## Task details
A single number is the whole answer: the tally of lines in the data below that include the word "Plus".
─── Source data
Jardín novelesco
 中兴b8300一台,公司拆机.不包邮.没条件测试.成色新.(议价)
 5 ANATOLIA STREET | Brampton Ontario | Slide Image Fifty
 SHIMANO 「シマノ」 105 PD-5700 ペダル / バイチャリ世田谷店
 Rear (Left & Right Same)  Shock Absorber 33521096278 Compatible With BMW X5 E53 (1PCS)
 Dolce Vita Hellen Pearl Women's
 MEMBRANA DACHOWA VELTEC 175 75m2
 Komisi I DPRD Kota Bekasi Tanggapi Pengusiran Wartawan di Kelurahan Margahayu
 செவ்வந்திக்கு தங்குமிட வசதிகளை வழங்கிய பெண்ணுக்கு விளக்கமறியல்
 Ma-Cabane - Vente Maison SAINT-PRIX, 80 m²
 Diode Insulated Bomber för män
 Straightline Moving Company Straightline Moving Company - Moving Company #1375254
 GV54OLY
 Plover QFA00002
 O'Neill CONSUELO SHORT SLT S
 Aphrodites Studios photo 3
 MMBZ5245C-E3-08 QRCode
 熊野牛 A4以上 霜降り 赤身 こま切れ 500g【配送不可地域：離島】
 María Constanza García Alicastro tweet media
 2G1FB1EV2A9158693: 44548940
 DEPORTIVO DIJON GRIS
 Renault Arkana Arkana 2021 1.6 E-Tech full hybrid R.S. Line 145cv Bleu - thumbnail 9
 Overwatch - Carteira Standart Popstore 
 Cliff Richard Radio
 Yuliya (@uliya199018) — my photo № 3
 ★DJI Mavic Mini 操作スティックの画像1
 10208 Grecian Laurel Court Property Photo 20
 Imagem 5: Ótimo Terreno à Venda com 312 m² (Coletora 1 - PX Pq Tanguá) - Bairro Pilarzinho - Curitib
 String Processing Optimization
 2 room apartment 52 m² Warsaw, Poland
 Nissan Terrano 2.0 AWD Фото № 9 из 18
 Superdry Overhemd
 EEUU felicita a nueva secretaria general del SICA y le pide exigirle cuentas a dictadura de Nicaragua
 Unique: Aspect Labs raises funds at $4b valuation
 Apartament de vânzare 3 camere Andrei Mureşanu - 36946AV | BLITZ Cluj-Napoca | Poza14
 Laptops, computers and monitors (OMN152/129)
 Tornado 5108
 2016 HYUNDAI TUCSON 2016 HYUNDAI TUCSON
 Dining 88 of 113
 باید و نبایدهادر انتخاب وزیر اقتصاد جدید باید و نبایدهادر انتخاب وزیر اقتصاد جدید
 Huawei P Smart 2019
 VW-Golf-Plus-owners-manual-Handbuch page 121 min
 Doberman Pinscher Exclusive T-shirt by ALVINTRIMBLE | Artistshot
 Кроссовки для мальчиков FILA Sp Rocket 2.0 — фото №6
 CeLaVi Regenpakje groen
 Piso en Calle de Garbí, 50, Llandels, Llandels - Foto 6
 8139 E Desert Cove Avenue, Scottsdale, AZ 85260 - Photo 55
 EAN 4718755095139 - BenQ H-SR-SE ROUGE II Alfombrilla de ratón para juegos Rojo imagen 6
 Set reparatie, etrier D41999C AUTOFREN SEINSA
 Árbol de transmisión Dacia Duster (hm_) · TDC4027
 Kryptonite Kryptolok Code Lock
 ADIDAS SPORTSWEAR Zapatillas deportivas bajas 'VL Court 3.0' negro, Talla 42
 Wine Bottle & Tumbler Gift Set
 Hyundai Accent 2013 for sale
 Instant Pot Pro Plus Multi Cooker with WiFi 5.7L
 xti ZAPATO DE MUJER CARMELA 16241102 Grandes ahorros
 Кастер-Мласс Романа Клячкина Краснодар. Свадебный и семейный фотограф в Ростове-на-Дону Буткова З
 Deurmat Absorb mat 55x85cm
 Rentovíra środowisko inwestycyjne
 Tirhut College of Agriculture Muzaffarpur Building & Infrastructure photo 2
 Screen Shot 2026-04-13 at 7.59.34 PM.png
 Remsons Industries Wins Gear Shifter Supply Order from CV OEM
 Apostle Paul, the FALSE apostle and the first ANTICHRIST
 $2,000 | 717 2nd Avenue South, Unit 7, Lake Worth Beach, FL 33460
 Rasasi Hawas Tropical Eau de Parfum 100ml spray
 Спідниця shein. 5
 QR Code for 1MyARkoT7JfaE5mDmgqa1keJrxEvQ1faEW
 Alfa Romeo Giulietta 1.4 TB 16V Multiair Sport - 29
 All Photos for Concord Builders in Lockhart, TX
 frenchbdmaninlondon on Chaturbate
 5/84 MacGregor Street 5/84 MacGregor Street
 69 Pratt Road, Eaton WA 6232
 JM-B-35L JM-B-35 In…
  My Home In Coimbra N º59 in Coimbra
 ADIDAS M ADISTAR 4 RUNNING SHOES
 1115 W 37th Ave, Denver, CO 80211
──────
## Written solution
2